### Supplied information
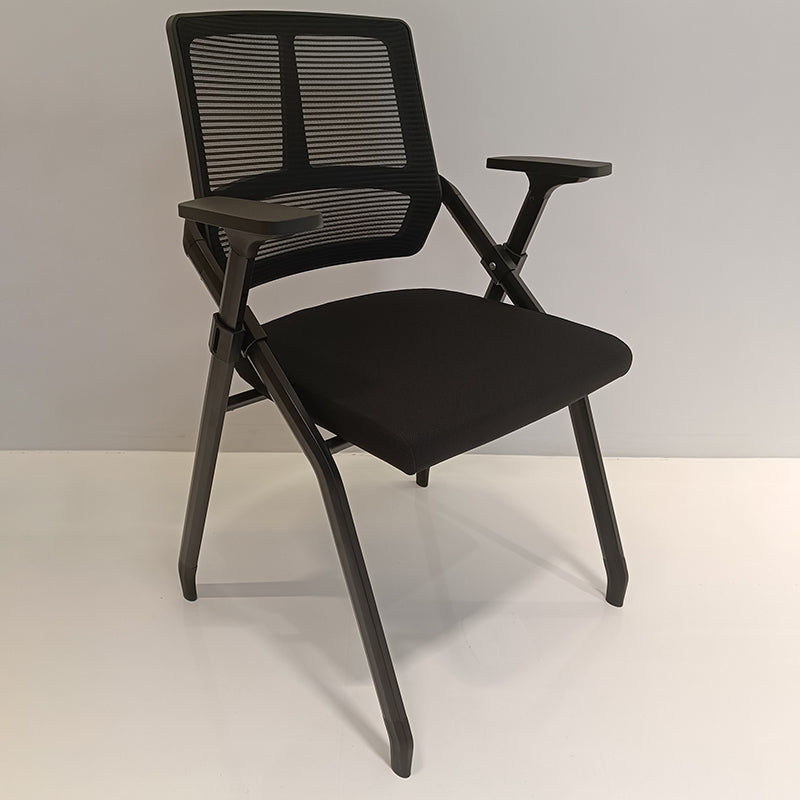Modern Ergonomic Folding Office Chair - Space-Saving Nesting Training Chair With High-Density Foam & Silent Casters For Home Office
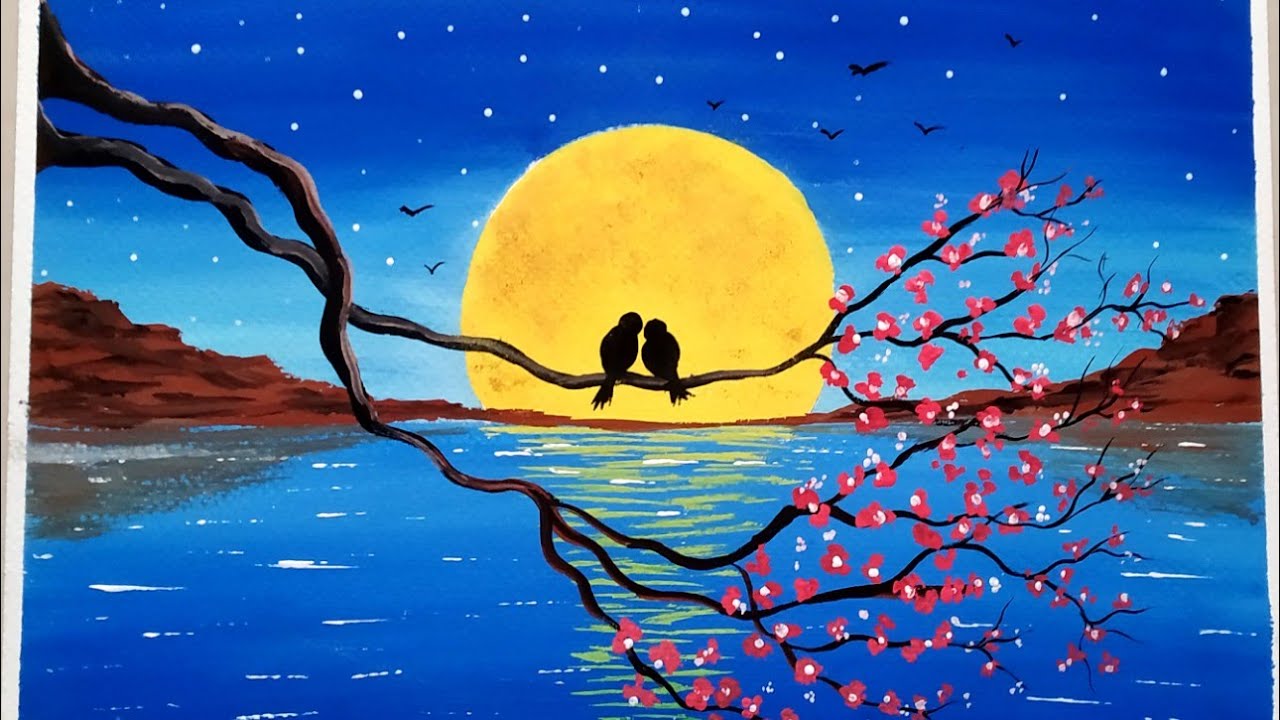 Easy Love Birds Poster Color Painting Beginners/How to draw Lovebirds in a Moonlight Poster Painting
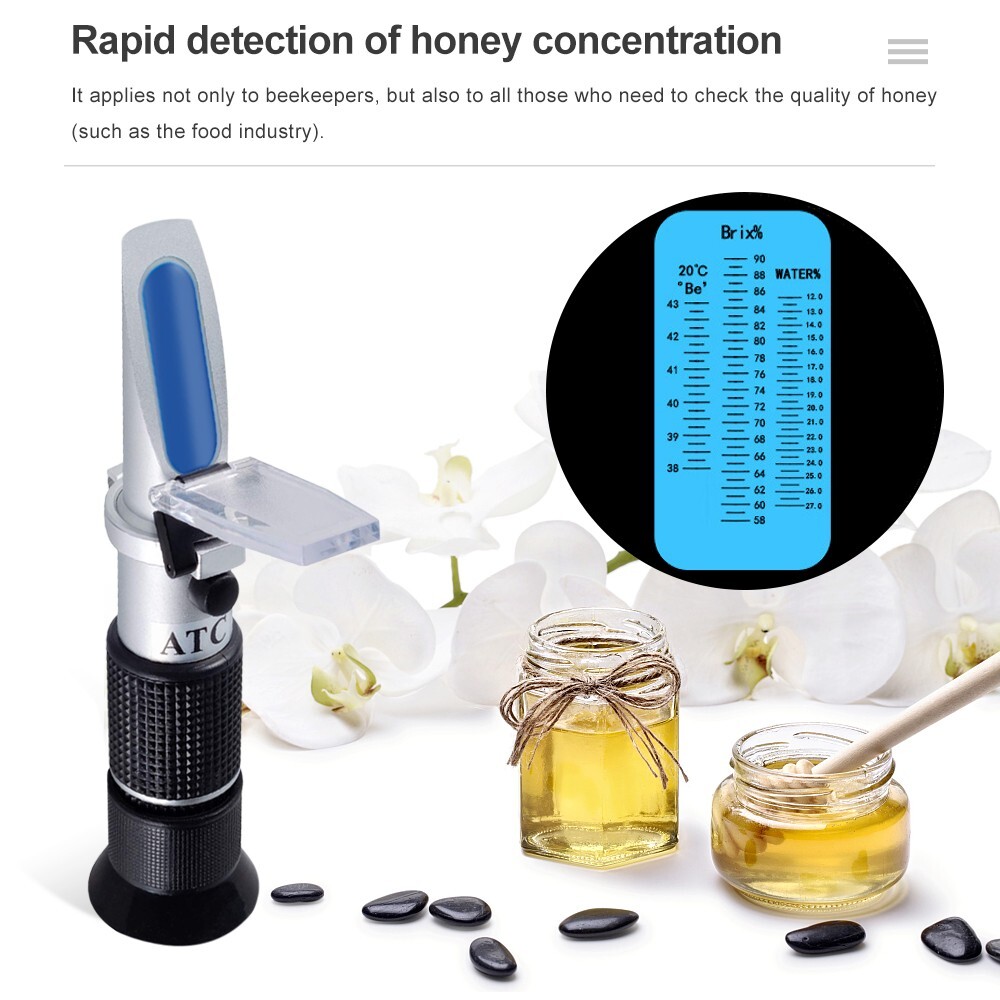 58~90% Honey Brix Refractometer Handheld Portable Refractometers with ATC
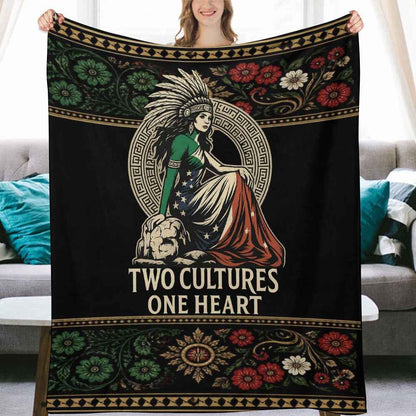 Two Cultures One Heart Proud Amexican Ultra-Soft Flannel Blanket Multiple Sizes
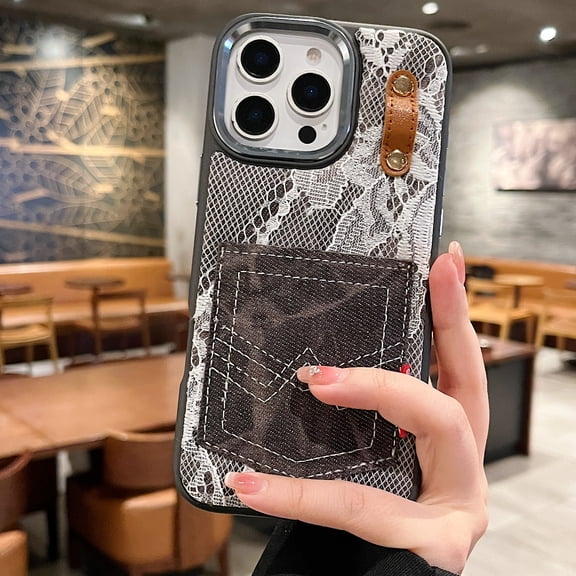Allytechgroup Denim Lace Phone Case Compatible with iPhone 16 Pro, Fashion Back Pocket Design with Card Slot, Shockproof TPU Edge Vintage Jean Texture Protective Cover for Women, Black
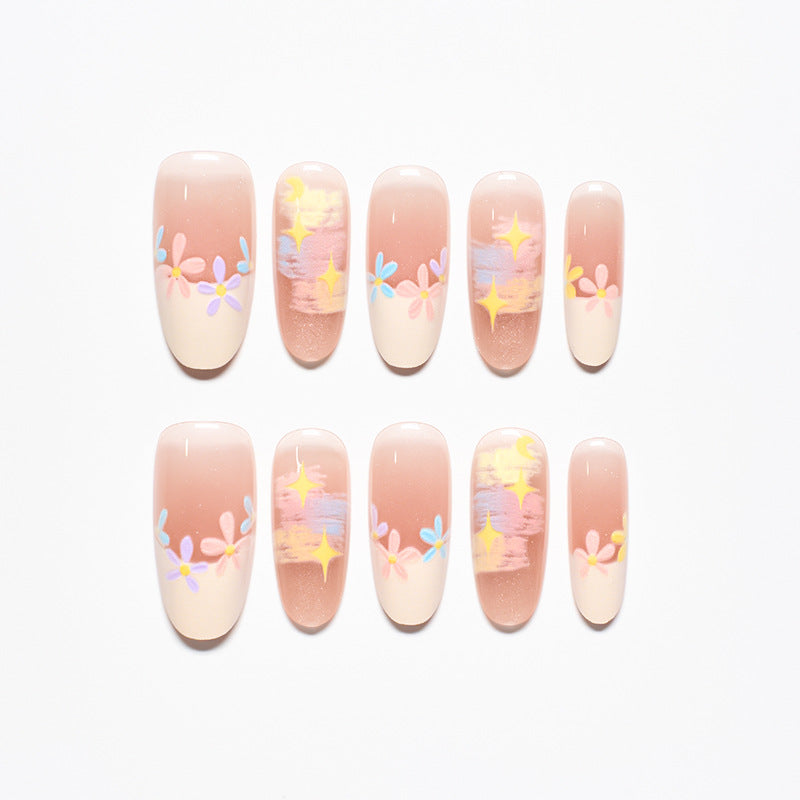 Florales Dekoratives Press-On-Nagel-Set Brehn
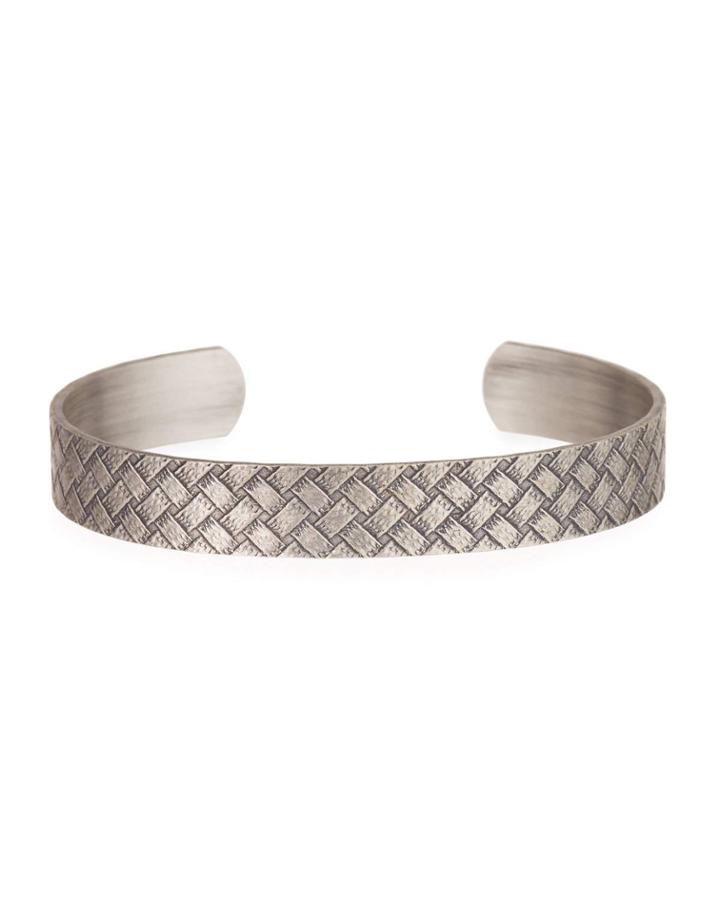 Men's Basketweave Open Cuff Bracelet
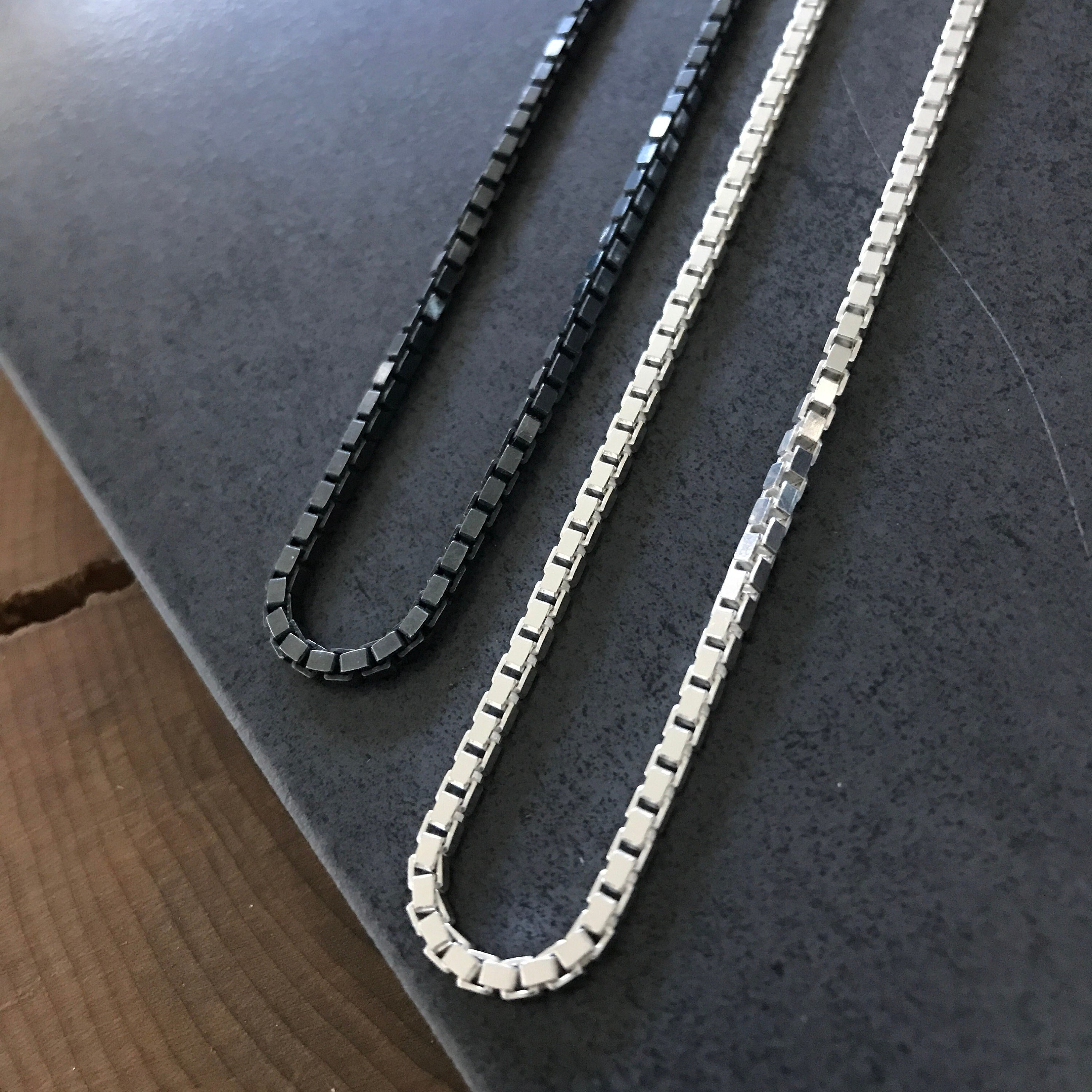 Mens silver box chain outlet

### Directions for this task
The expected output is the exact run of lines from the one containing "Allytechgroup Denim Lace" through the final line of the data above, both ends included, with no pictures.

### Response to the task
Allytechgroup Denim Lace Phone Case Compatible with iPhone 16 Pro, Fashion Back Pocket Design with Card Slot, Shockproof TPU Edge Vintage Jean Texture Protective Cover for Women, Black
 Florales Dekoratives Press-On-Nagel-Set Brehn
 Men's Basketweave Open Cuff Bracelet
 Mens silver box chain outlet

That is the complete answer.